Updated: Mar 10, 2021

January 22, 2021

A week before we found out that our baby had passed away, my midwife, who is also one of my good friends, couldn’t find a heartbeat with a doppler. At this point, we thought I was only about 11 weeks (we found out later on that I was actually farther along than we had thought) so I wasn’t too worried. I know that I also have a tilted uterus and an anterior placenta. With all of those things in mind, I was calm about the situation and agreed to come back in one week, just to listen for fetal heart tones.


One week passed and I headed into the birth center with my one year old and three year old (my then four year old was in school). I laid down, joking and laughing with my midwives, as usual. I exposed my belly, which was a definite bump by that point, and she smeared the jellied wand across my abdomen.


None of us could hear anything.


Now I’m a bit worried, but still trying to keep my cool. She recommends that I run over to our local ultrasound office to get checked.


I left and I called the ultrasound office immediately. They told me that they couldn’t see me until Monday. Their exact words were, “You waited this long (meaning a week) to find out if your baby has a heartbeat, you can wait three more days.“ After that, I hastily made an appointment for Monday morning at 7:30 a.m. I knew I couldn‘t wait until Monday, so I called DJ, my mother-in-law, and our friend, Chelsea. My mother-in-law and Chelsea stayed with our kids, as DJ and I went to the ER.


As we walked into the ER, they wouldn’t let DJ back any further than the waiting room, due to the COVID-19 protocols. I knew my mom was working that day (she’s a respiratory therapist and I was at her hospital), so I called her and told her what was going on. She met me down in the ER and was able to accompany me to my ultrasound.


As soon as they put the wand on my belly, I knew. I’ve had my fair share of ultrasounds, and I’m also a doula, so I know exactly what I’m looking at and looking for. She turned her screen from my view and clicked through the measurements very quickly. I started sobbing and all she could say was, “I’m so sorry. I’m SO sorry.”

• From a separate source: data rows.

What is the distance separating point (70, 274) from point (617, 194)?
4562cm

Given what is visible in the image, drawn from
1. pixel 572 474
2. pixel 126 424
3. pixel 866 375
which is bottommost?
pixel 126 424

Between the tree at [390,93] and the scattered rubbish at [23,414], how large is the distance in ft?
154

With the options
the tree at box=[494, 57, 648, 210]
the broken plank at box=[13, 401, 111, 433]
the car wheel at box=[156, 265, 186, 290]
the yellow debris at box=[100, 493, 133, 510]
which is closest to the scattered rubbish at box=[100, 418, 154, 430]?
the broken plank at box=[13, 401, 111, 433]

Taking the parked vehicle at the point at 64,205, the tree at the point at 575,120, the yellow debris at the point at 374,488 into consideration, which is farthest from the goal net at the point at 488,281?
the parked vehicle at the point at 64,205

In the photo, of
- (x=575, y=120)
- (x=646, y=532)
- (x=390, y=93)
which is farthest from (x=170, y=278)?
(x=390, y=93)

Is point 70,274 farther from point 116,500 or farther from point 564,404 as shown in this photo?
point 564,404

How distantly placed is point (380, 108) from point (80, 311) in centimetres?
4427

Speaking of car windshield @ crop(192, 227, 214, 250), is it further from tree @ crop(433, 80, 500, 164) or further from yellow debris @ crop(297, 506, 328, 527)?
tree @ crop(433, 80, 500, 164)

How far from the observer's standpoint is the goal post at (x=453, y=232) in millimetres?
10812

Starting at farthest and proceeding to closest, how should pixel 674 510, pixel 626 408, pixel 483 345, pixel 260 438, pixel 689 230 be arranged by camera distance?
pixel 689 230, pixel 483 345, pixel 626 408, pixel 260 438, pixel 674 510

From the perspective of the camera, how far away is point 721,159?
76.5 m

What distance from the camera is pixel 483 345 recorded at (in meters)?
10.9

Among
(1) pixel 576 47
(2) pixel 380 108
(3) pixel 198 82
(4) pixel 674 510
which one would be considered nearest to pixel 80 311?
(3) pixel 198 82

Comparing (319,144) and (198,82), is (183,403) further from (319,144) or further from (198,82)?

They quietly wheeled me back to my room.


I fought for them to allow DJ to come back there with me enough, that they ended up breaking protocol and allowing him to come back after we found out that our baby was no long alive, so the doctor could explain to us both what comes next.

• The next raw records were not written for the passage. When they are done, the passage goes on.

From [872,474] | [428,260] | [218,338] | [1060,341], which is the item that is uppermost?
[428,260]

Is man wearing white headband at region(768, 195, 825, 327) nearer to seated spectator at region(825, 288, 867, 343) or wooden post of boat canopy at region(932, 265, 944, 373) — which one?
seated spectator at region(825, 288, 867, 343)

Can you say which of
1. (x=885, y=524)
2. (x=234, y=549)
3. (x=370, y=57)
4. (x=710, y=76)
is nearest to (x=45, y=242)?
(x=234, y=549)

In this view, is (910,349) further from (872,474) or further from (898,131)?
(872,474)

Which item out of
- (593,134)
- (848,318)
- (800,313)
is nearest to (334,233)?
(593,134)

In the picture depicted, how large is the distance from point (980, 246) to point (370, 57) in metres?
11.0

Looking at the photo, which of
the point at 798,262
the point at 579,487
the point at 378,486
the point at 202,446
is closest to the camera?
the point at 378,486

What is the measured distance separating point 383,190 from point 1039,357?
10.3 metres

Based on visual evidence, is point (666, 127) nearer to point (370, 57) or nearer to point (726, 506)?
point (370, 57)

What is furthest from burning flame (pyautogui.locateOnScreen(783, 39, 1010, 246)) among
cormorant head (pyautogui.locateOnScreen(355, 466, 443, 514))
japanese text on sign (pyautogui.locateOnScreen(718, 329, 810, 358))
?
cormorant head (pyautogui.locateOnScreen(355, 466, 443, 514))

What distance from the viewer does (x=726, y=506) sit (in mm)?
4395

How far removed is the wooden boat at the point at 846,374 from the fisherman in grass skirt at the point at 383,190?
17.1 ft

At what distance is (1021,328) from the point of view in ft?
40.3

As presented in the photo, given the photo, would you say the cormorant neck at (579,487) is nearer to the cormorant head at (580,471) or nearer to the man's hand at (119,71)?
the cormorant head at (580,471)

My mom asked me who was going to be there with me for educated, unbiased support as I went through the process of figuring out which steps I felt comfortable taking next. She asked if it was my midwife’s job to do that... it’s not. She asked if I should seek out an OB, but that’s also not part of their job, either. I looked at her and smiled, and said, “Mom, this is a doula’s job. I need a doula.”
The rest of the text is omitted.